Однако, хоть он и «машина», но одного приказа «пили!» да нажима кнопки — недостаточно: и скажешь, и кнопку нажмешь, и всё, кажется, честь честью, а он строгает себе и знать ничего не хочет!

Сдвинешь какой-нибудь рычажок, а он колотить, как молотком, примется — вот и поди ты с ним!

Все, вкусившие хоть крупицы знаний по более или ме­нее осмысленной душевной технике актера, смеются над наивной разработкой роли «по чувствам» — это говорит­ся «на раздражении», это — «на радости», это — «на от­чаянии», это — «на влюбленности».

Смеются вполне справедливо: всякое чувство есть от­даленный и сложный ответ на тысячи впечатлений и его так прямо с потолка не схватишь. Схватишь только жал­кое подобие чувства (к этому, конечно, можно привыкнуть и ограничиваться всегда только жалким подобием)*.

Но ведь и с «хотением» то же самое. Сказать себе: «хоти того-то!» — немногим лучше того же требования от себя, ни с того ни с сего, радости, или отчаяния, или восторга.

Что же в конце концов получается?

Разбивание роли на задачи создает ли волевую парти­туру? Конечно, нет. Это — императивная партитура. При­казательная. И в конечном счете — насильническая.

Потому-то, в поисках верного пути, сам автор «систе­мы» к концу своей жизни совсем отказался от задач пси­хологических (на чем почти все еще продолжают строить свою режиссуру) и перешел к задачам физическим, а по­том даже и к физическим действиям.

Таким образом, он все уходил и уходил от засилия им­перативности. И приближался к природе.

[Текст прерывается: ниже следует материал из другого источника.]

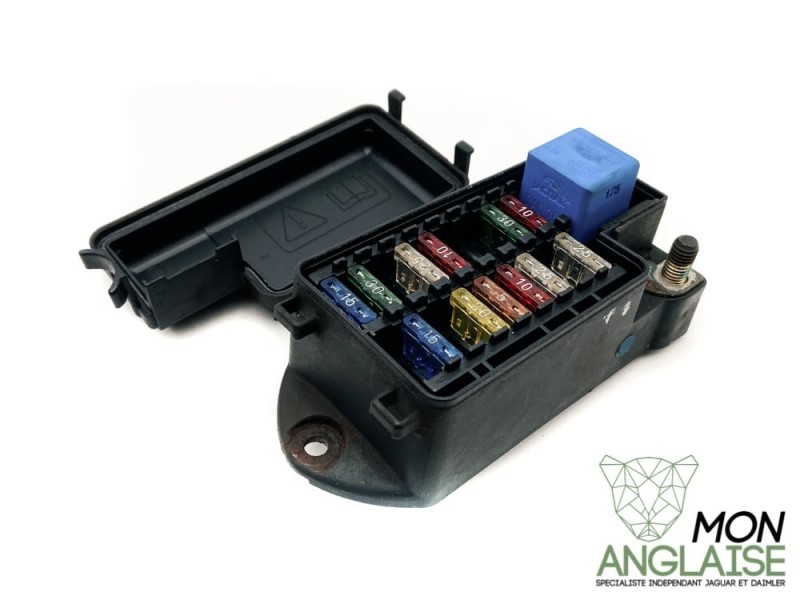 Boite à fusible 18 voies gauche Jaguar X300 1995-1995 | LNA2800DF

О К. С. СТАНИСЛАВСКОМ В СВЯЗИ С ТИПАМИ АКТЕРА

Основываясь на нескольких строчках, написанных К. С. Станиславским по моему адресу в предисловии к его книге «Работа актера над собой», ко мне неоднократно обра­щались, как официально, так и неофициально, с просьбами рассказать о моем участии в работе Константина Сергее­вича, о том, какие я «высказывал... свои суждения о книге и вскрывал допущенные... ошибки»20.

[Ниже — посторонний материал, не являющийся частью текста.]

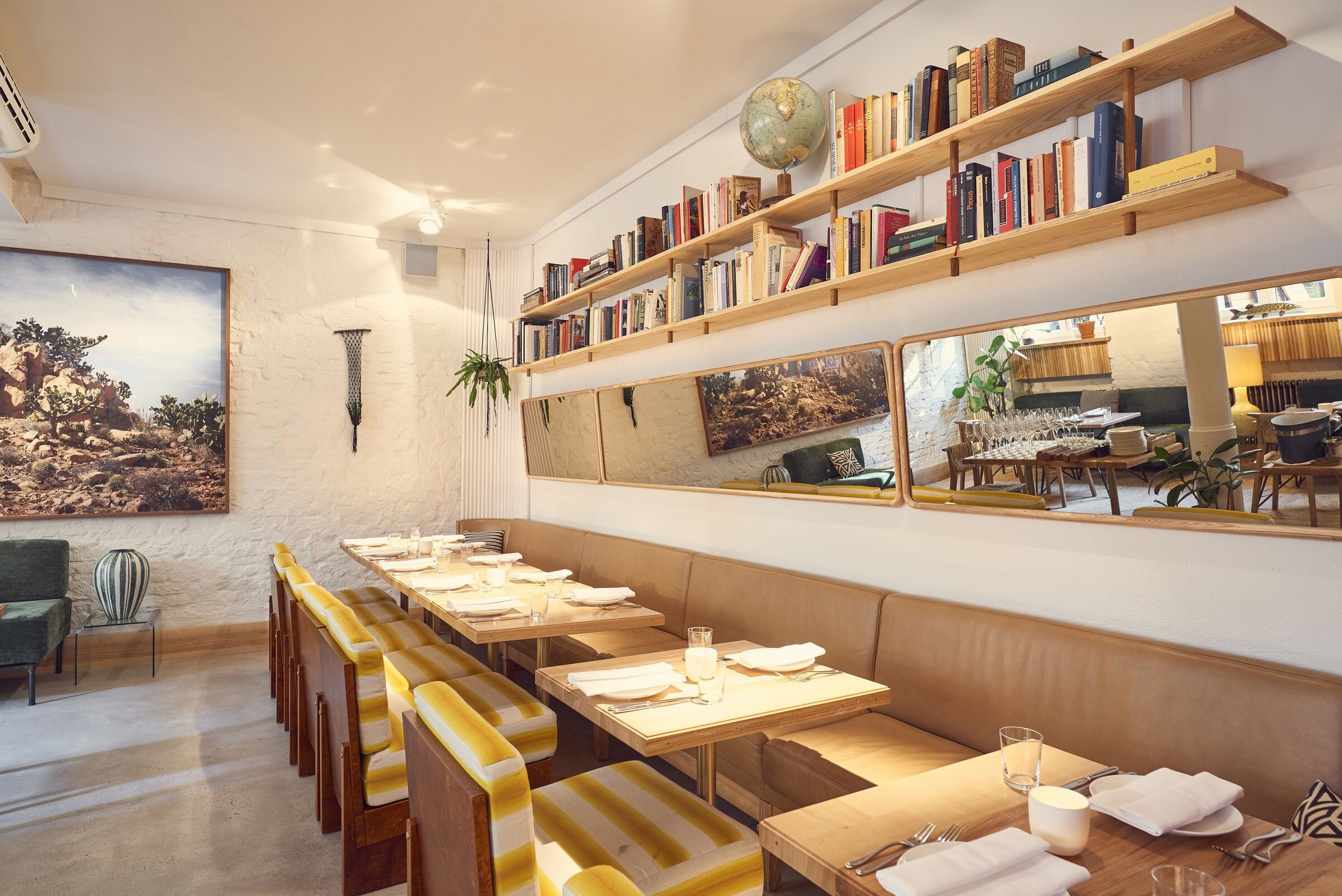 柏林 Panama 餐厅 | 本土材料营造热带风情-12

Здесь не место рассказывать обо всей сложной много­летней работе. Что исправлено, то исправлено, что вошло в книгу, то вошло. Об этом, может быть, когда-нибудь потом.

Здесь следует сказать о другом. О том, что не вошло в книгу целиком, и о том, что оказалось по ряду причин еще не исправленным. И еще надо, пожалуй, сказать или напомнить о главной творческой цели К. С. Станислав­ского как художника театра.

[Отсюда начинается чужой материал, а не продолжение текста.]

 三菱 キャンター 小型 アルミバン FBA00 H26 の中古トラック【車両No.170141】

Речь обо всем этом уместна как раз здесь, при обсуж­дении вопроса о «типах творчества».

Преподавание так называемой «системы», до появления в свет книги К. С. Станиславского, шло таким образом: рассказывалось ученикам об одном из «элементов творческо­го состояния» актера, и в упражнениях пытались трени­ровать этот «элемент».

Я говорю только о лучших преподавателях «системы», о тех, которые действительно знали ее, изучили на прак­тике, почерпнули из первых рук.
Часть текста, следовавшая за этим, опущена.